As we climbed the last flight of stairs, and started down the aisle between the shelves towards the back, a gentle murmur of noise was growing from a small group of people visible in the distance. And then we heard, rather loudly, "Oh Daaarling, I'm soooooo glad to see you!"
Yes, it was a book launch alright.
And there taking pride of place right as you went into the reserved area was Eustace. A small display of the books out for people to see, to pick up and browse through. It really is a lovely-looking book, very well put together and presented; it's hard not to pick it up. The second thing that stood out from the small crowd that was forming was Spimcoot himself. Dressed in his usual elegant fashion and being mobbed by the mob. Well, we aren't afraid of mobs, so we barged our way in and gave him a big hug, none of this firm shake of the hand or air kisses for us, we actually like the bloke.
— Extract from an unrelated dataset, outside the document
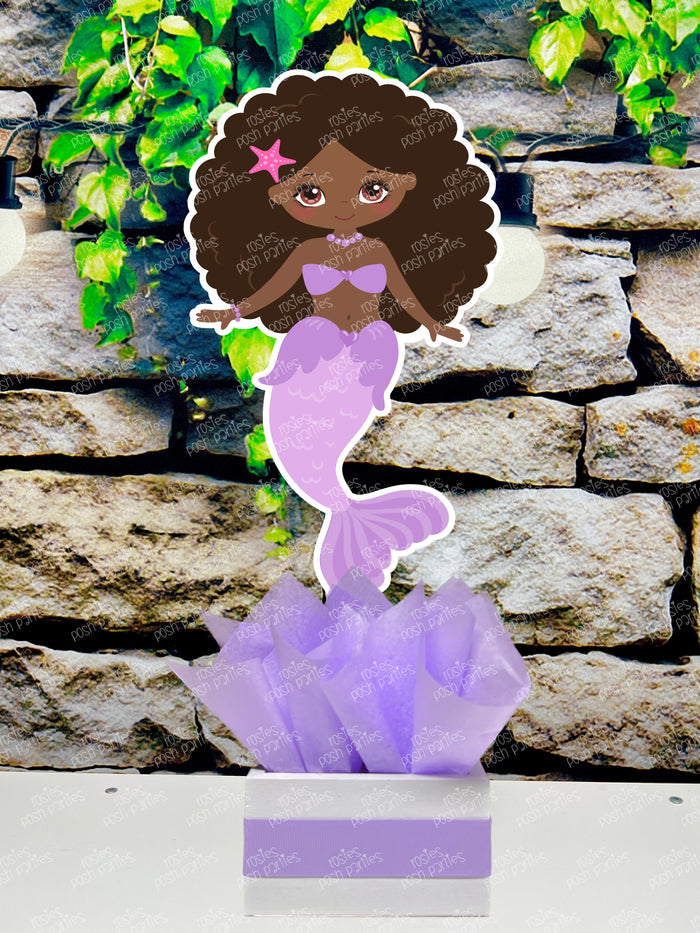 African American Mermaid | Mermaid Baby Shower | Under the Sea Theme Birthday | African Afro Mermaid Centerpiece Party Decoration INDIVIDUAL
After some brief words, congratulations and such "Well done old bean" we spotted the drinks table and left Spimcoot to the adoration of more people turning up. Planting ourselves firmly next to the free fizz we were able to watch the rest of the throng. Whilst snaffling the odd bottle of cava carelessly left unattended. I think it's fair to say that Spimcoot wasn't quite sure what to do, it was the launch of his first book, and all these people were here because of him, and for him. He truly was the centre of attention and whilst at times I think it might have made him a little nervous, he handled it beautifully. Not only was his dress sense impeccable, so were his manners. Trying throughout the night to make sure that everyone was greeted and having a good time.
As the drinks got into full flow, they were cut short for a speech. A chap from the publishers Jonathan Cape gave a short introduction, describing Spimcoot as "At least in the top three of the most talented artists" that they work with, and considering that they also publish Raymond Briggs and Robert Crumb this is no small compliment. He also said that Spimcoot is the best dressed, but we all knew that. A short speech followed from Spimcoot, where he took the opportunity to thank people for coming, and to encourage them to buy the book. Applause was given, and more drinks were poured, and the party then carried on.
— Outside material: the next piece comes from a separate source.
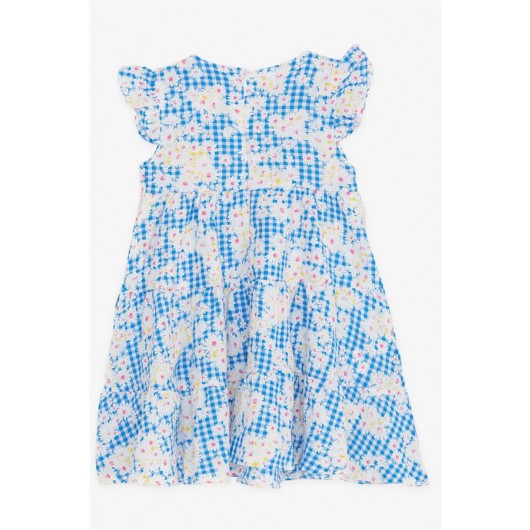 Girl's Dress With Floral Ruffle Sleeves Blue (1.5-5 Years)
Eustace has been ten years in the making, and all 269 pages of it are exquisitely illustrated. Chatting with Spimcoot during the evening we found out that there's another three Eustace books planned, each set at twenty year intervals in the life of the main character, and he's hoping it'll be less than ten years before the next one comes out.
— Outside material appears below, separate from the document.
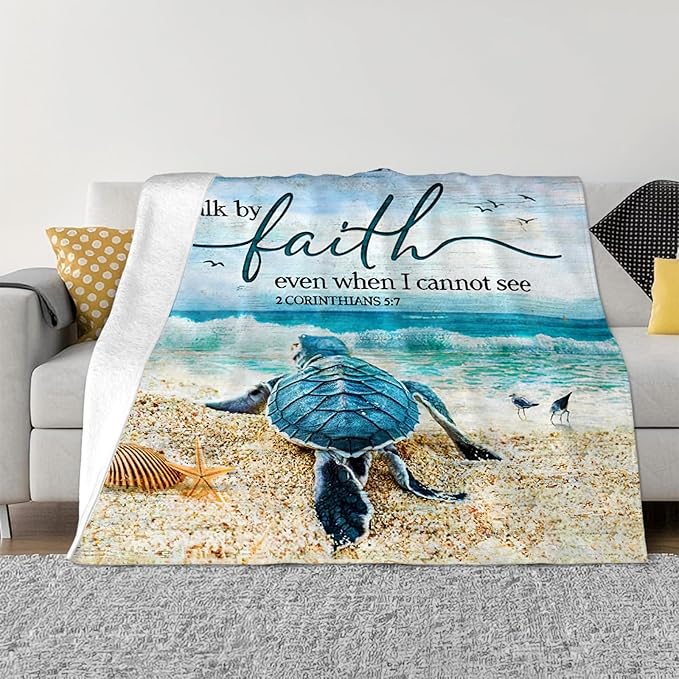 Tijuboni Sea Turtle Ocean Throw Blanket Beach Nautical Gifts for Women Men Girls Boys Kids Adults Soft Flannel Fleece Blanket for Couch Sofa Bed Home Decor 60"x80"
People kept coming up to us perched near the wine to ask if they could borrow a book for a photo; wondering why they didn't just buy one we soon found out, they'd sold out. All of them. The entire pre-sale stock had gone, and there were still people wanting to buy some who had to go without. It may not have helped that we bought four, but you can't help but wonder that a major bookstore putting on a book launch through a major publisher will have known how to do these things, I can only assume that normally when people go to book launches they don't actually buy the book, they're just there for the free drink. Which was now running low, so we snagged the last bottle and watched while those that had managed to get a copy of Eustace were getting them signed. Spimcoot had brought along his very own fountain pen for just such a thing.
It was busy, and it was quite loud, and the people in the bookshop wanted to go home (actually they just wanted to lock the shop up and come along to the pub with the rest of us). So in the best traditions, the book launch was over, and the party moved on.